We live in such an amazing time, a golden age of literacy. We are not relegated to just the stories of books and films, but have the capacity to share our own stories in written form.
This is powerful and sacred work, a tool for understanding our condition within the human condition. Writing can be a portal into what Plato called “the examined life.” And writing leaves in its wake a personal and cultural her-story (history) that can inform future generations.
If I were to title this decade of my 60s, I would call it Reclamation.
These years continue to reveal themselves as a time of taking to heart the things I thought lost or broken. As I’ve gathered these things to me I’ve come to find that nothing is ever really lost and those broken parts aren’t as broken as I’d thought.
Part of my reclamation is rediscovering the younger version of me who sat with that small, electric Corona typewriter and made up stories when I was barely in double digits. Gathering to my heart the pain of unrequited poetry and journals full of angst and dreams.
Oh, what a time it was.
Your 60s and upward are really the perfect time to gather your stories and share them with family or friends, to recount tales of extraordinary courage, or perseverance and tell your heroine’s journey. There are several ways you can do this:
Journals reveal those snippets of life through daily or regular reflection. They are less about what happened and more about capturing the tone, feeling and insight of what happened. They are an expression of the heart.
As a young woman, I was enamored with Anais Nin’s journals that explored her sensuality and sexual being, her search of what was uniquely hers.
Later on I would fall in love with May Sarton’s Journal of a Solitude, a watershed book for a woman writer of that day because it was less polite than it was angry (an emotion not always culturally acceptable for women).
I have only one rule for journal writing: date your work. The dates are signposts that allow you to look back and know where you were in your life when you wrote that passage.
In our day, lots of young women had diaries. I got one for my 12th birthday. It was white leather and had a little lock on it, guaranteeing that my thoughts would be private. A diary is a chronology of personal events, a report on the details of the day whereas a journal is more self-reflective, an examination of life that may lead to insight.
Diaries have grown into something more than writing about the cute lifeguard at the pool that you were falling in love with – yep, that’s what I filled my first diary with, a recollection of summer days spent poolside, imagining my life as Mrs. Lifeguard.
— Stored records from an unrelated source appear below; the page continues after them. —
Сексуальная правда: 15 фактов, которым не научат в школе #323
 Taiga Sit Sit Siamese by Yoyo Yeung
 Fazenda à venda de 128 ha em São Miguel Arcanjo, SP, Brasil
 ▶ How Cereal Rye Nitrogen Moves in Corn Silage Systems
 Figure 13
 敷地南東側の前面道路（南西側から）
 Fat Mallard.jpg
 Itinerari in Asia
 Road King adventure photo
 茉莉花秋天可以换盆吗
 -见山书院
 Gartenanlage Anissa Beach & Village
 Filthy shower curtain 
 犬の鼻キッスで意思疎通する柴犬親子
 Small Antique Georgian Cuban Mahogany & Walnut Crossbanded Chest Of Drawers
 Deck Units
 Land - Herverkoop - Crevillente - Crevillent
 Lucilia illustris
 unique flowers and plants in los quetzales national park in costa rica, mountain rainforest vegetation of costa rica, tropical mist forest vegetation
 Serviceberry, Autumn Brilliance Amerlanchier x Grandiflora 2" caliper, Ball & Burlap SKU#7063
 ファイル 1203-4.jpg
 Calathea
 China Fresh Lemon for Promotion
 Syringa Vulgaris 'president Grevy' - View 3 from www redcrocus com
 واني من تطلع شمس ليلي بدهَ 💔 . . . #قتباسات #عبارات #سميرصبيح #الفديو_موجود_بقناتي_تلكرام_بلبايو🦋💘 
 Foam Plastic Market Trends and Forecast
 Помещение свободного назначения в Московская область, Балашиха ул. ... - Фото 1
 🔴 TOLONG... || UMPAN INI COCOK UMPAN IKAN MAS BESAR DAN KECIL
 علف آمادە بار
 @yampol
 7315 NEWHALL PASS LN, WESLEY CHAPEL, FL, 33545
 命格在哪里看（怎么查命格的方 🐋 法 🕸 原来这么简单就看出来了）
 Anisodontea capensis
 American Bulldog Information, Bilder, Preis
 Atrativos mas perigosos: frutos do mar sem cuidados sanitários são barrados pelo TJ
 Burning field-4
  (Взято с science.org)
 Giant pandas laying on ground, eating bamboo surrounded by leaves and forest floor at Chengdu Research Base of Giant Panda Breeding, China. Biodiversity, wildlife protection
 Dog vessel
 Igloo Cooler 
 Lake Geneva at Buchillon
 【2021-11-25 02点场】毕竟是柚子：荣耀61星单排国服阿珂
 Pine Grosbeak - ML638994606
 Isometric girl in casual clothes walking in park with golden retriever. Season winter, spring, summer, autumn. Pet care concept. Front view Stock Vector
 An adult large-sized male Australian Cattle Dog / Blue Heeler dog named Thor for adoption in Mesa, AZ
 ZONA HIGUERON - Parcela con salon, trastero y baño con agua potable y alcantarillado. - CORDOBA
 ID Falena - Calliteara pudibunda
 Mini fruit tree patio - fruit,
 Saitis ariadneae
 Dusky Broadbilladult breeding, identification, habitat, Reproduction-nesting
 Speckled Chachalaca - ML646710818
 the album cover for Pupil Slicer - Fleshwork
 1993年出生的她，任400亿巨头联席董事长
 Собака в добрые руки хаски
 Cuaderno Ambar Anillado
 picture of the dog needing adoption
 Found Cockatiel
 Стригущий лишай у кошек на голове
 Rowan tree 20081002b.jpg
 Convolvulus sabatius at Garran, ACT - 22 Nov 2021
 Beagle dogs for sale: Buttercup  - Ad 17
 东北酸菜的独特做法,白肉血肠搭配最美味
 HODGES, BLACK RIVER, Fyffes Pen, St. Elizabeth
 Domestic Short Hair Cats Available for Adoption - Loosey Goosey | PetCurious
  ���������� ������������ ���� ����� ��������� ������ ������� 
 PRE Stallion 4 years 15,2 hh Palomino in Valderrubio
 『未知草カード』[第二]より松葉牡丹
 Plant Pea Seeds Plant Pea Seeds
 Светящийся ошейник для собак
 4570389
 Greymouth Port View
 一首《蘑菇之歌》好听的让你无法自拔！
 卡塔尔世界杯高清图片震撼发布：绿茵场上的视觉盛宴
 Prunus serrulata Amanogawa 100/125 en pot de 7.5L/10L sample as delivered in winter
Diaries now can be garden diaries or kitchen diaries, the tracking of life through those places. My friend, Tod Davis, wrote a book called Jam Today, that is really a kitchen diary, filled with observations and recipes – an absolute delight.
And if you want to take the deep dive into diaries, read Tristine Rainer’s book, The New Diary. It’s a work from the 1970’s, which is still valid today.
Autobiography and memoir are somewhat synonymous, but I like to make a distinction between the two. Autobiography is the full story of a life. I think of Howard Thurman’s amazing autobiography, With Head and Heart, which recounts his earliest childhood recollections to his meeting with Martin Luther King, to the first integrative church that he built in San Francisco.
What a story.
Memoir, the way I hold it, is about a slice-of-life event that changed and transformed you, the writer. For instance, Sue Monk Kidd wrote a book called, The Dance of the Dissident Daughter, which is her story about moving from Christian tradition into the sacred feminine. Within the church she grew up in, her memoir begs the question: “Where are all the women?”
As you can see, there are several ways to write your life. Of course, there is no right or wrong way. You can tell your life beginning to end, or you can tell your story through your years as a quilter or a hiker.
Life is rich and there are so many ways to reveal our her-story. Some questions you might want to ask yourself:
How do you like to write about your life? Who will read your memories? Are you ready to share with just yourself of with family? Or how about with the world? Share your thoughts in the comments below.
Tags Creativity
I love this. I work in an estate planning law firm, and one of my “things” is to promote something called an “Ethical Will”, which is nothing more than one’s “writings” to family and future generations. As an ancient Jewish custom where men passed down property to the sons, the women passed down traditions and values to the daughters, thus providing that all things “family” were passed down. Today of course, it’s not limited to any. I’ve actually taken a workshop on this, and now pass it on to clients. It’s the “totally free” part of the estate planning process, and our clients are finding it’s just as important as the traditional documents! Maybe even more so!